• WHAT YOU ARE ASKED TO DO
Skip the pictures, please, and write out exactly the lines from the opening of the data through the line containing "Secadores de unhas".
***** RECORDS FOR THIS TASK *****
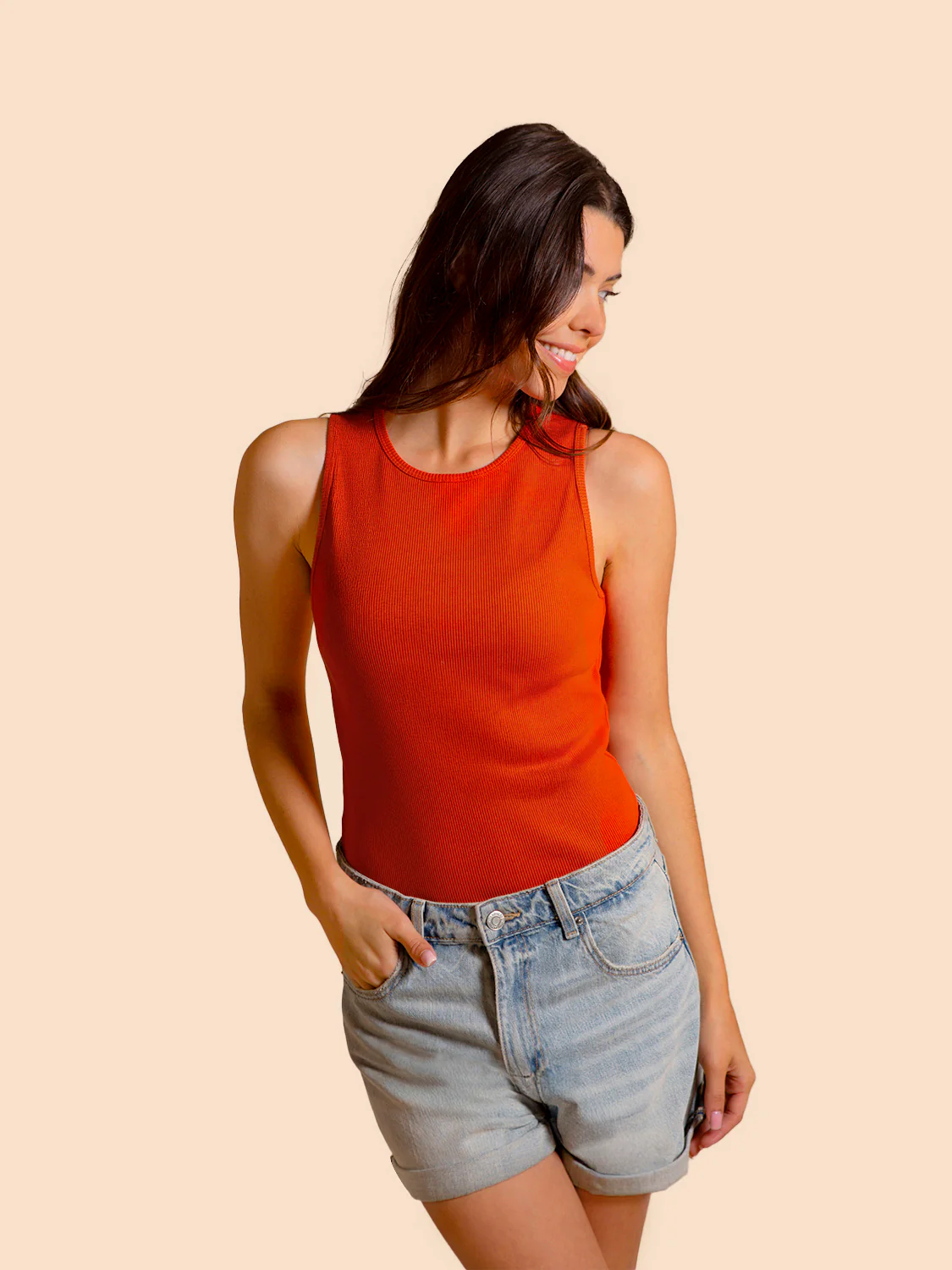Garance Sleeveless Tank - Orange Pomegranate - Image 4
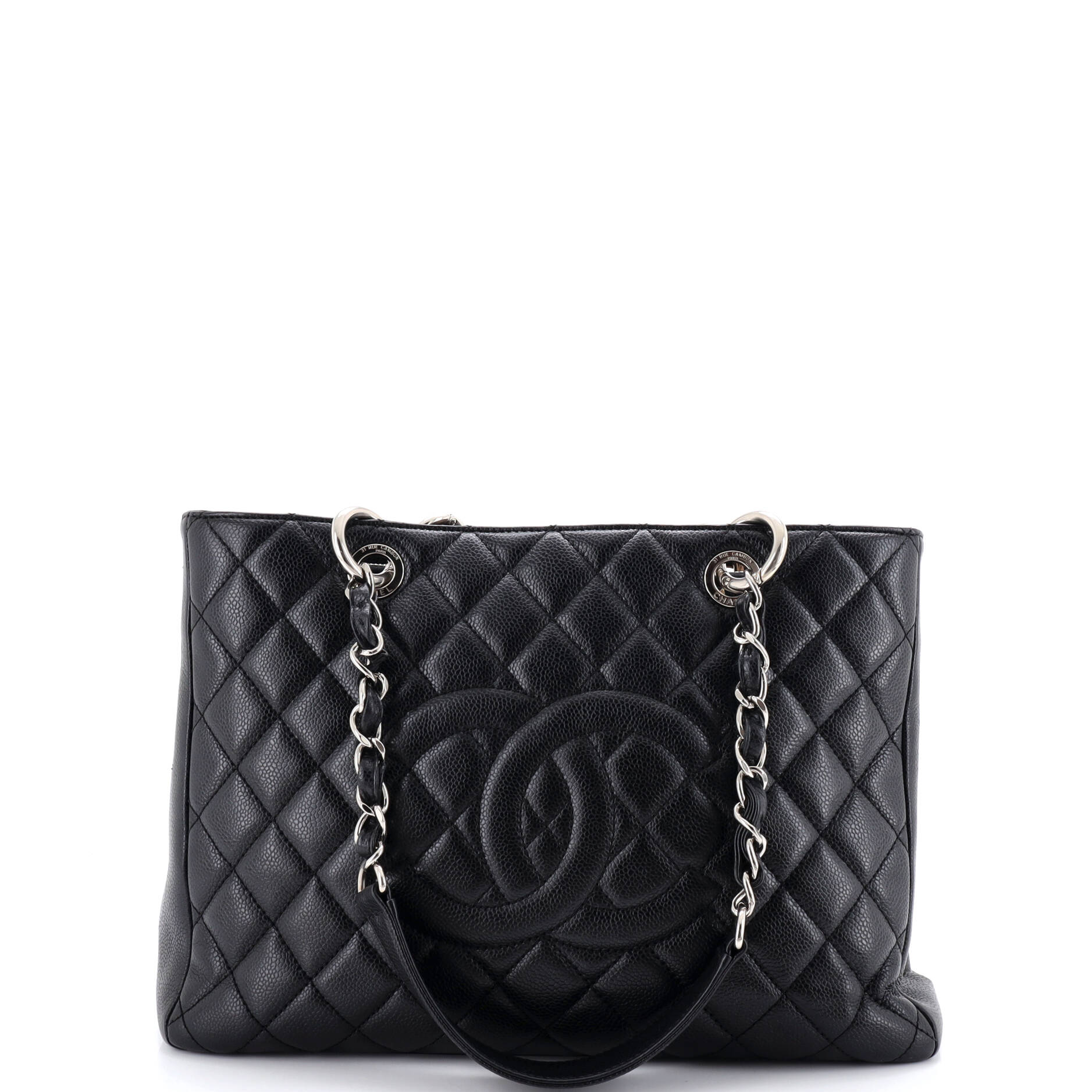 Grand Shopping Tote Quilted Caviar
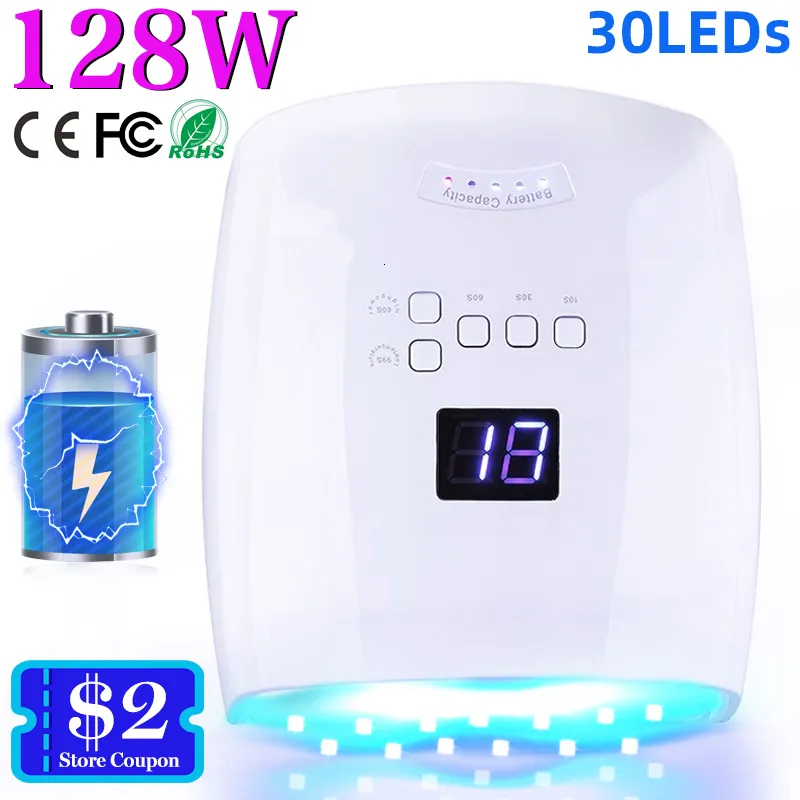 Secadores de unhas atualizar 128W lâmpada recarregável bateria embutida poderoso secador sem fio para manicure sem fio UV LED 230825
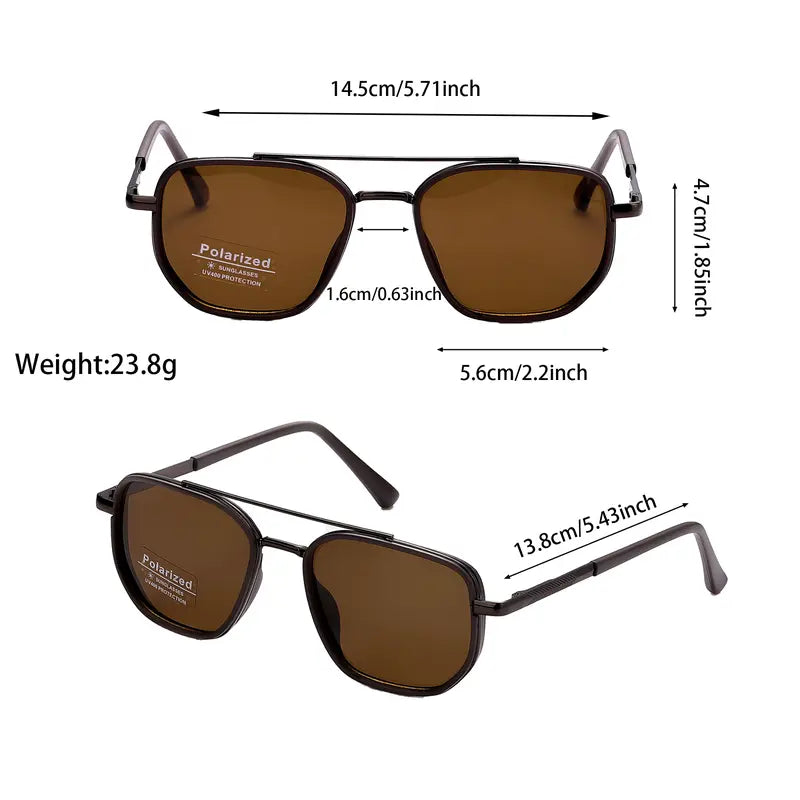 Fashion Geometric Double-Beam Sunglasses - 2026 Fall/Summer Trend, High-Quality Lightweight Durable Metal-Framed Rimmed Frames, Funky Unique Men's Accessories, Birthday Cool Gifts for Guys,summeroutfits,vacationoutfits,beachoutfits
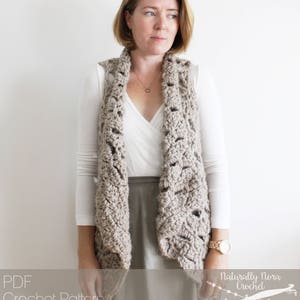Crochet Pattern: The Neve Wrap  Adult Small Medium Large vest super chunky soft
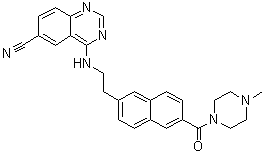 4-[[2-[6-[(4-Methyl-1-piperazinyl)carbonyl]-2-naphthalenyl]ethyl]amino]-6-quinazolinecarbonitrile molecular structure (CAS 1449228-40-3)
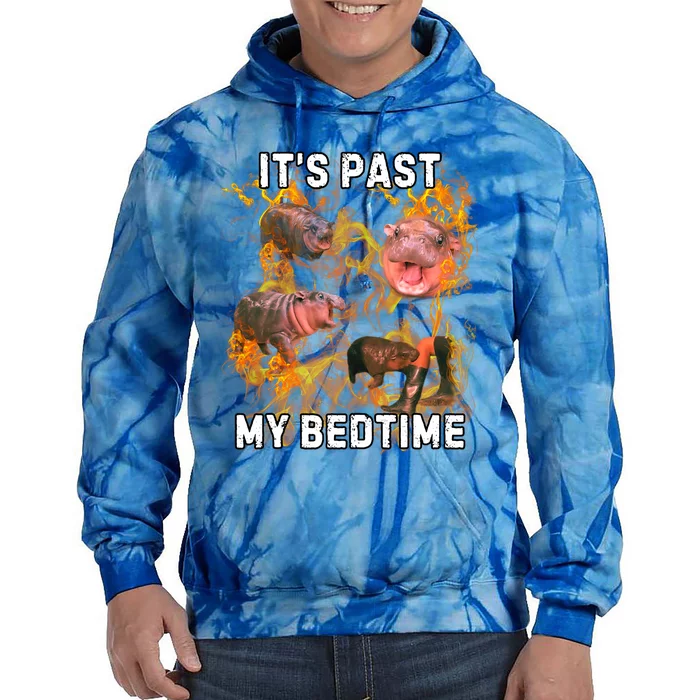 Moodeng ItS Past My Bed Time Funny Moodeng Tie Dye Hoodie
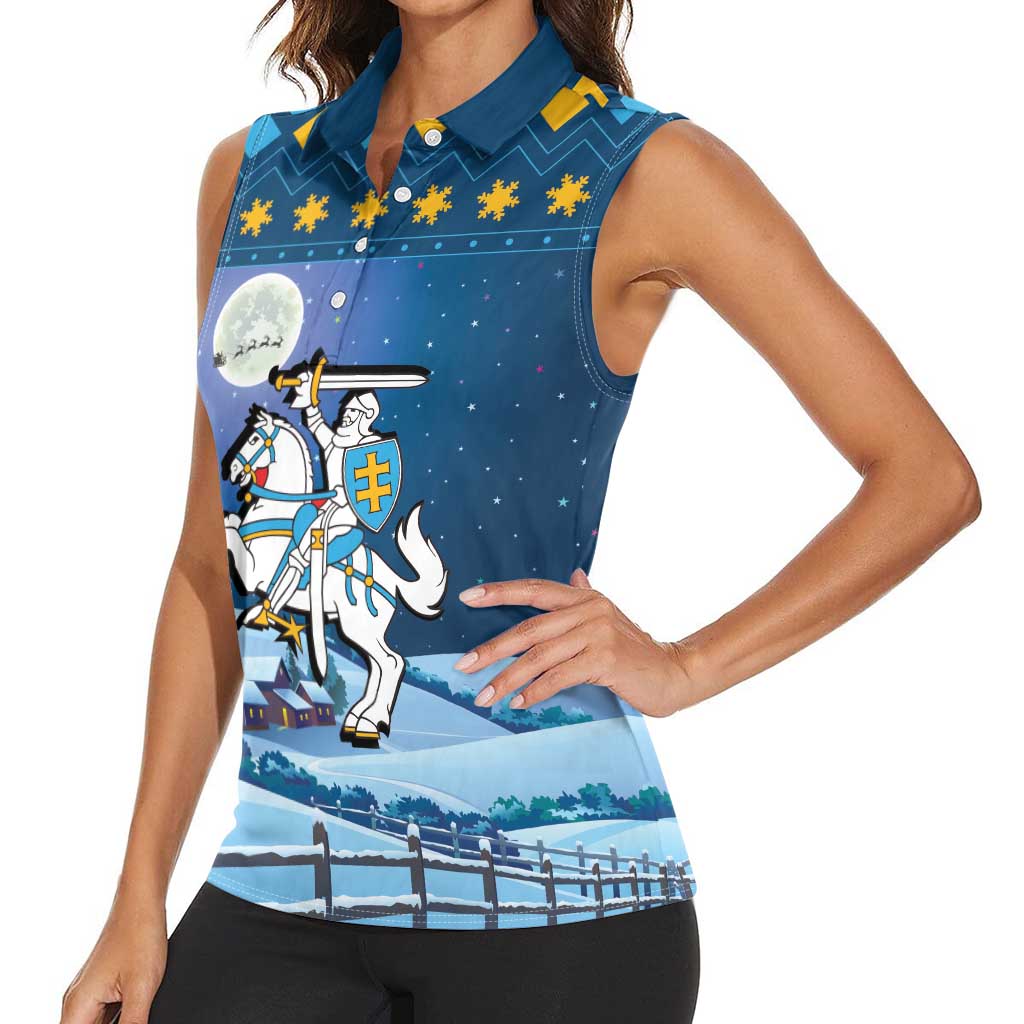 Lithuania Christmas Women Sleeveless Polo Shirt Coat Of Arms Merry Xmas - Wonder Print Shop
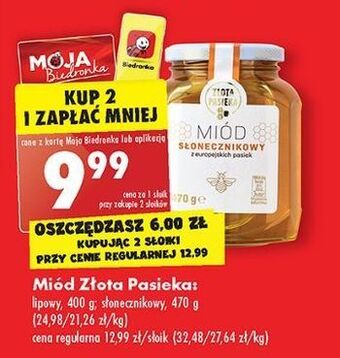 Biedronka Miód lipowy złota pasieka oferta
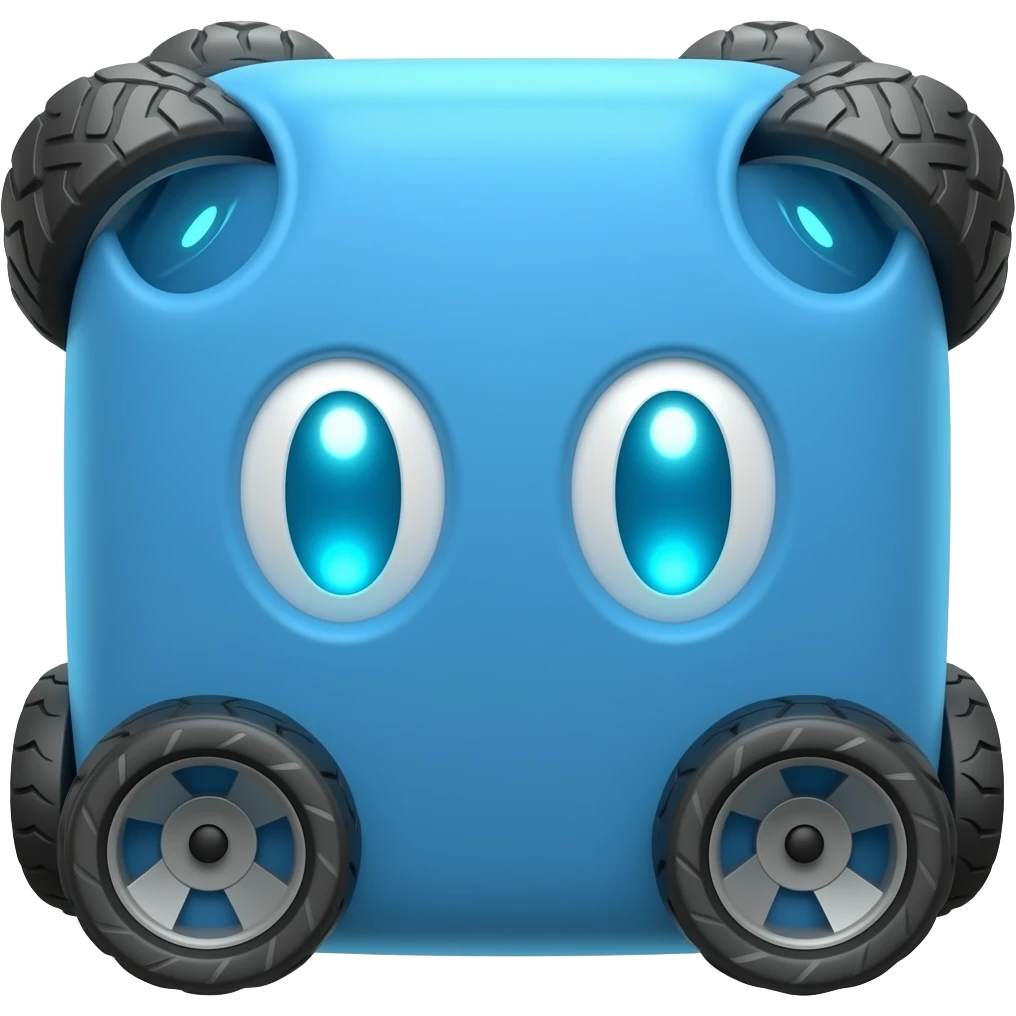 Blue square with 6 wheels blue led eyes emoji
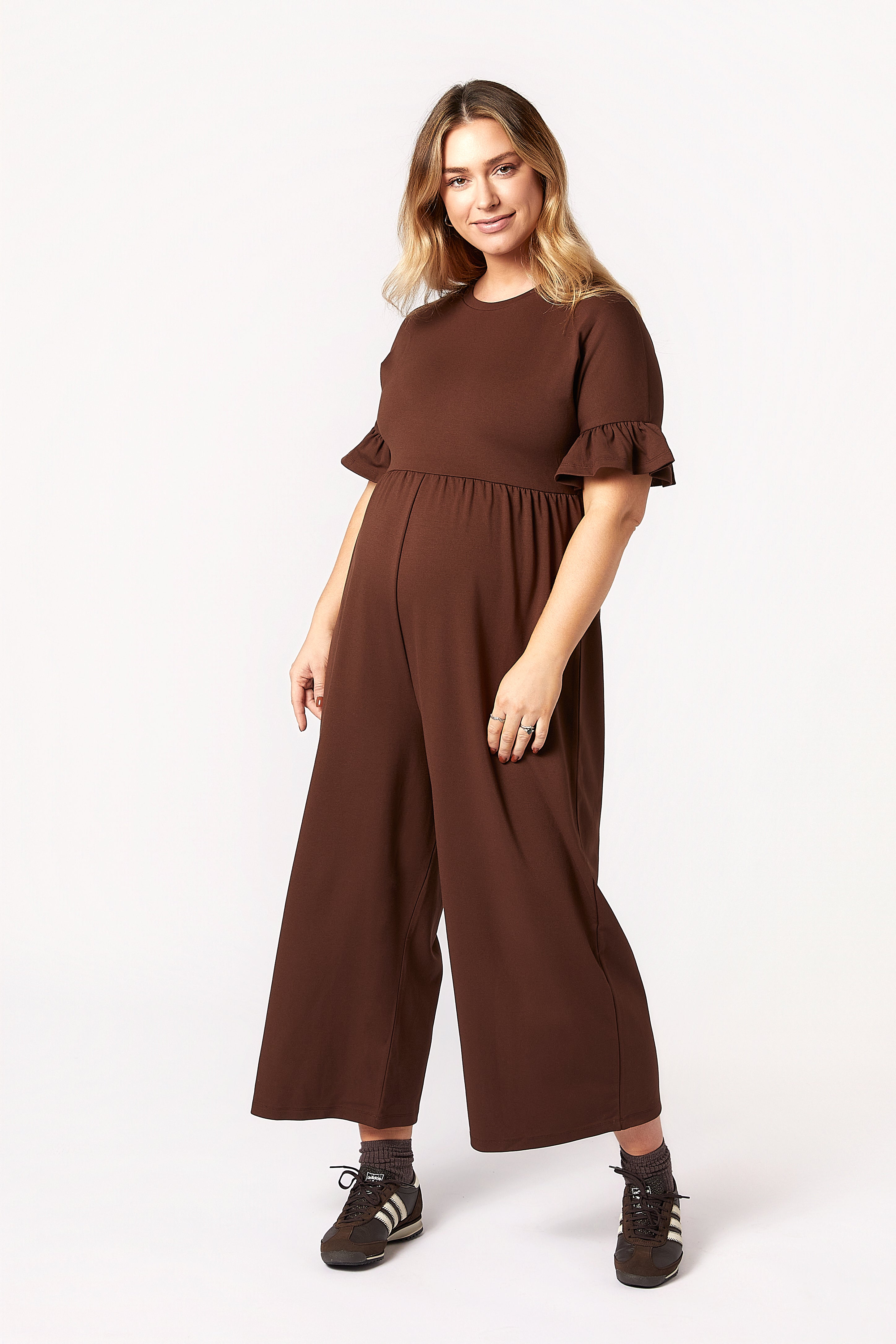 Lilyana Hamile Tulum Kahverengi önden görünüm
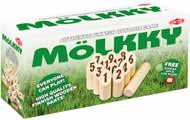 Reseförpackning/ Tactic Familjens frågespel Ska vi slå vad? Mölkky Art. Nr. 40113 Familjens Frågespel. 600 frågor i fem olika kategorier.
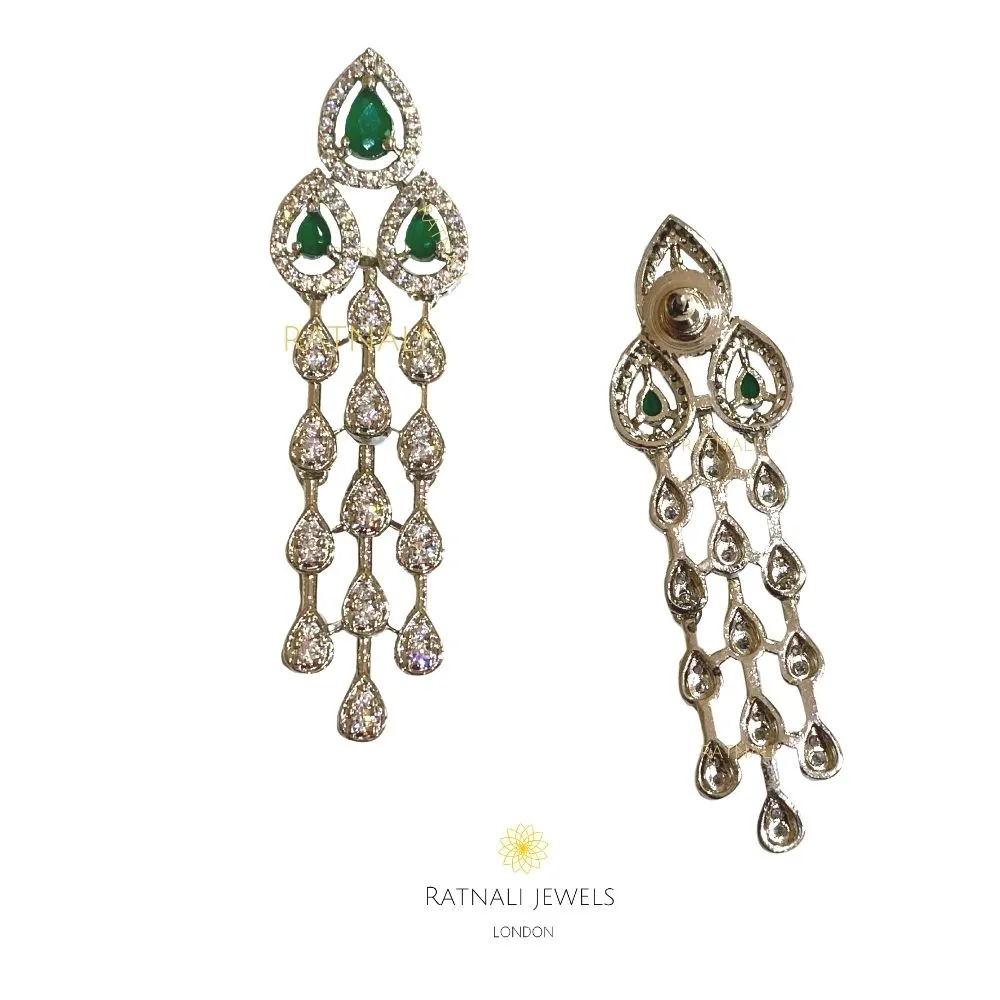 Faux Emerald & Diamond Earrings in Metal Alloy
*****
• SOLUTION
Garance Sleeveless Tank - Orange Pomegranate - Image 4
 Grand Shopping Tote Quilted Caviar
 Secadores de unhas atualizar 128W lâmpada recarregável bateria embutida poderoso secador sem fio para manicure sem fio UV LED 230825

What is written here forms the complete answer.